Input material:
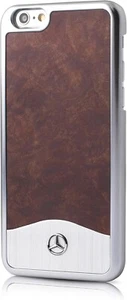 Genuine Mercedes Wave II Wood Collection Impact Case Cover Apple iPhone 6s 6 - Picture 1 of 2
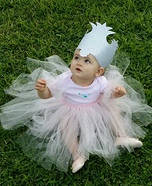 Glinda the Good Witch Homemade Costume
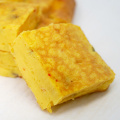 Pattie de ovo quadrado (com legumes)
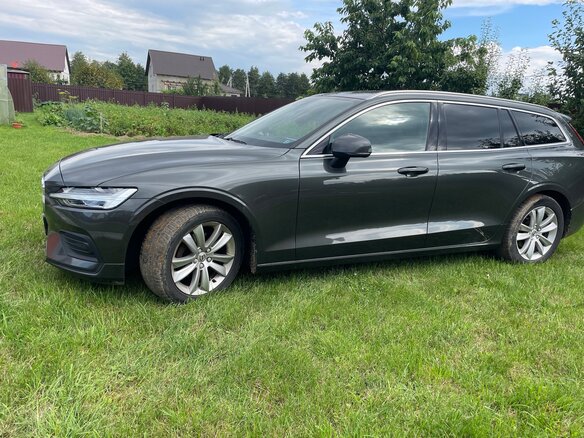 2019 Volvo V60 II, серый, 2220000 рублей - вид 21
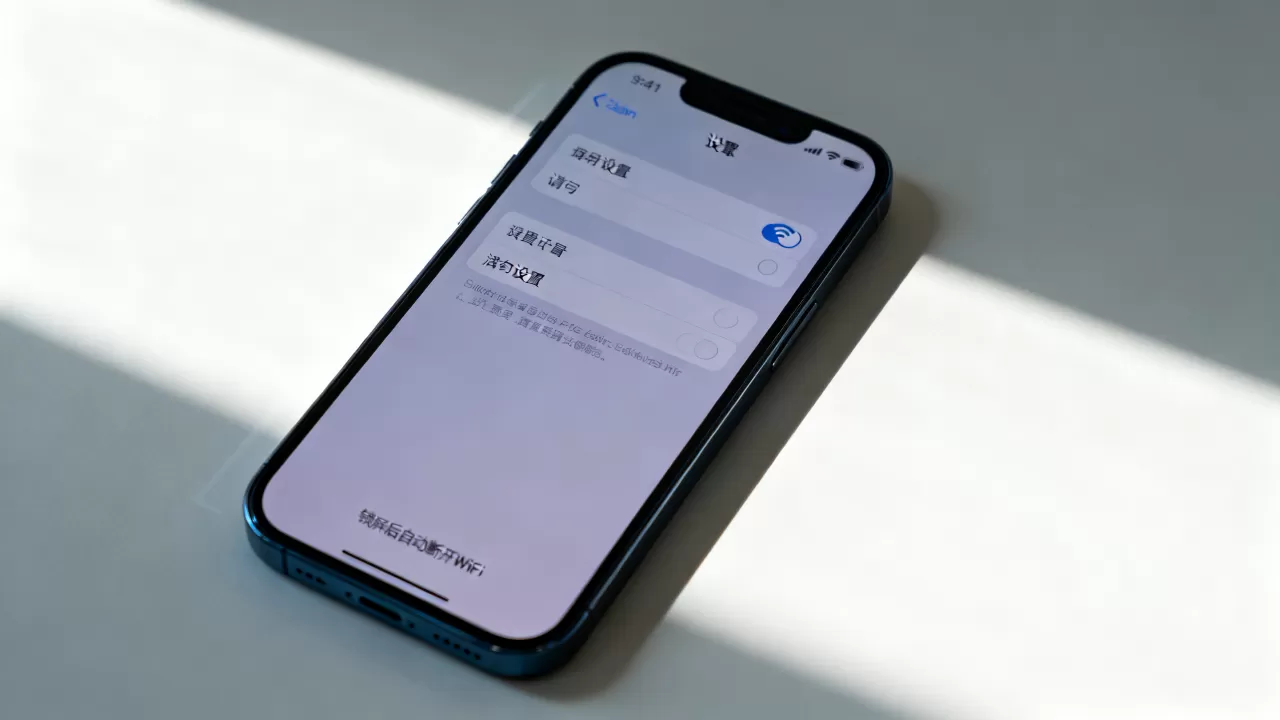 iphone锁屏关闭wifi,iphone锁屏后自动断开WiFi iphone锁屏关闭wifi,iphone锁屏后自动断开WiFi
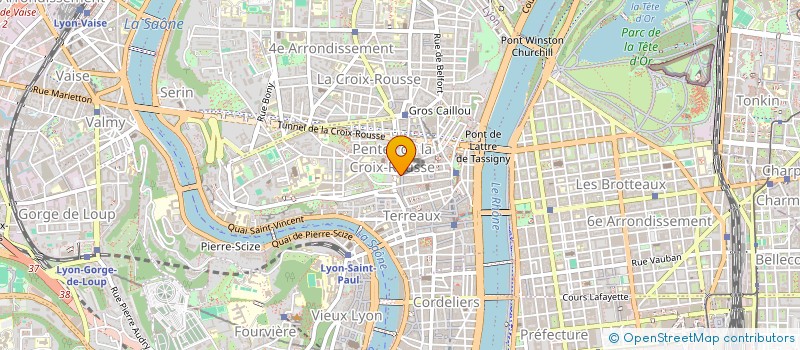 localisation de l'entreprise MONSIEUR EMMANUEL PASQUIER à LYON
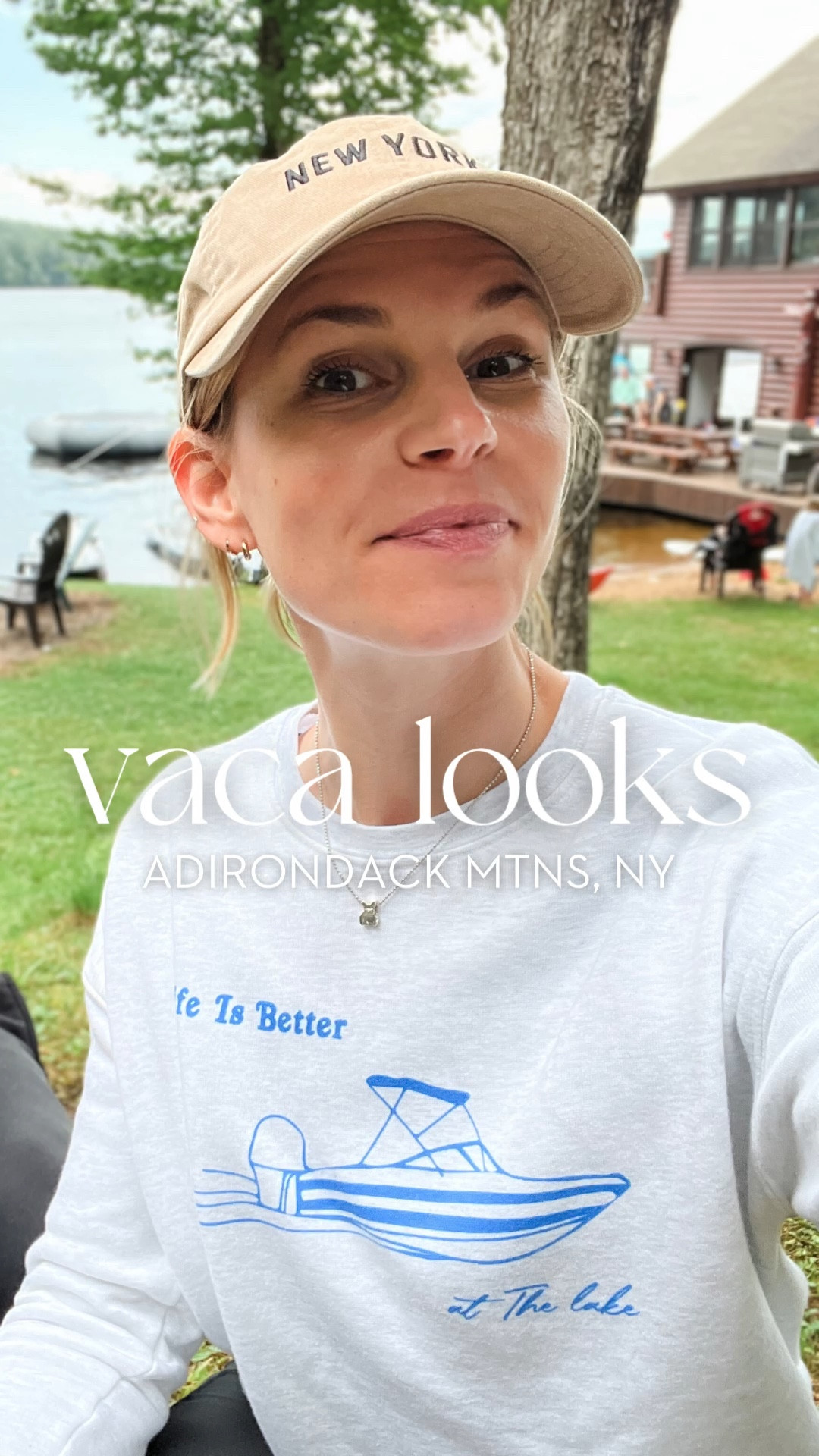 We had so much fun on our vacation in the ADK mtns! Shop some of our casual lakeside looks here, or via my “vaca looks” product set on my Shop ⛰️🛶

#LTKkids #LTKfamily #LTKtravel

What is being asked: Exact copy, pictures omitted: every line from the one holding "We had so much" through the last line of the data above, and nothing else.

Task response:
 We had so much fun on our vacation in the ADK mtns! Shop some of our casual lakeside looks here, or via my “vaca looks” product set on my Shop ⛰️🛶

#LTKkids #LTKfamily #LTKtravel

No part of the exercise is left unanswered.